TASK PROMPT
Starting at the line that contains "Spiegel vintage Cranberry SUEDE Cape with fringe. - Picture" in the listing below, write out every line word for word until you have written the line that contains "Kreative Feder Glückwunschkarte".

SOURCE MATERIAL
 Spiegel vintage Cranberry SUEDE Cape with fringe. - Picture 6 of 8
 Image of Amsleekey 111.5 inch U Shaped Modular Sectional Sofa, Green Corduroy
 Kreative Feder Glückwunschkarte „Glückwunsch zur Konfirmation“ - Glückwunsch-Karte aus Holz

---

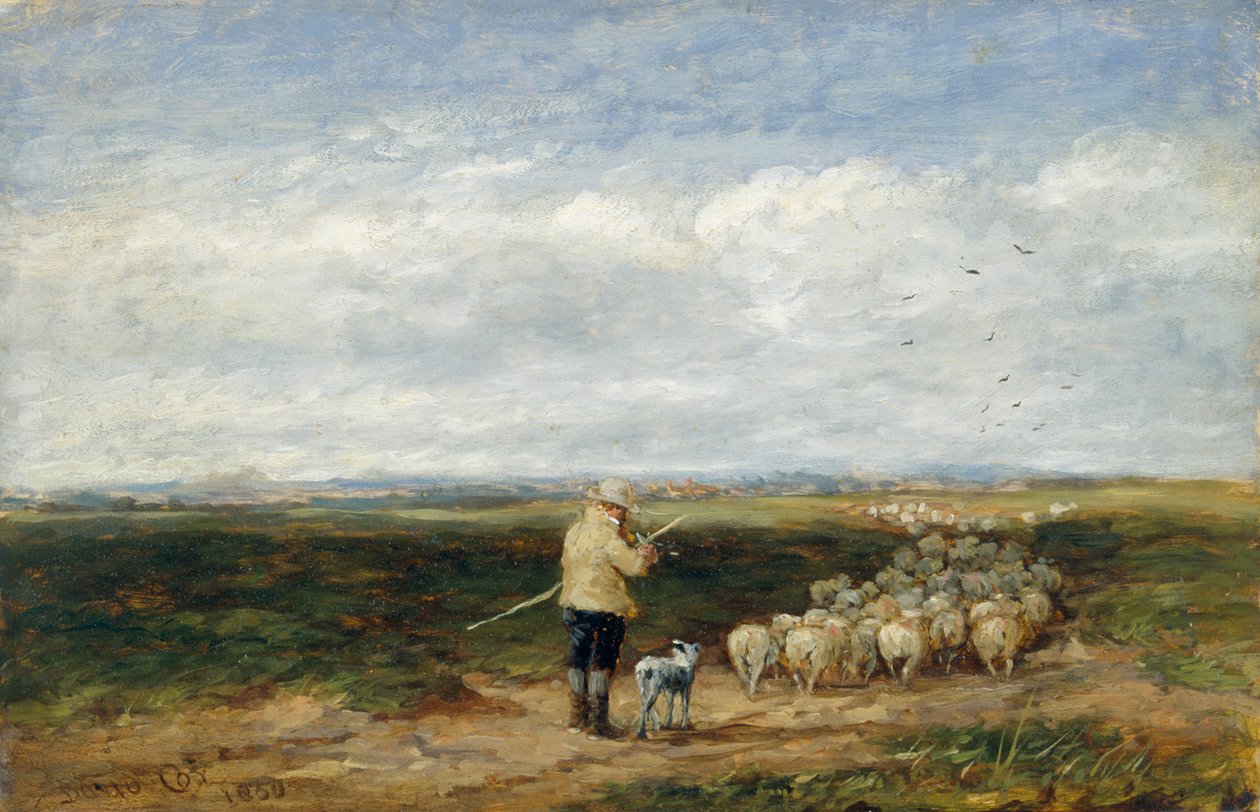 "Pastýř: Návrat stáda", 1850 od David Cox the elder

ANSWER SECTION
 Spiegel vintage Cranberry SUEDE Cape with fringe. - Picture 6 of 8
 Image of Amsleekey 111.5 inch U Shaped Modular Sectional Sofa, Green Corduroy
 Kreative Feder Glückwunschkarte „Glückwunsch zur Konfirmation“ - Glückwunsch-Karte aus Holz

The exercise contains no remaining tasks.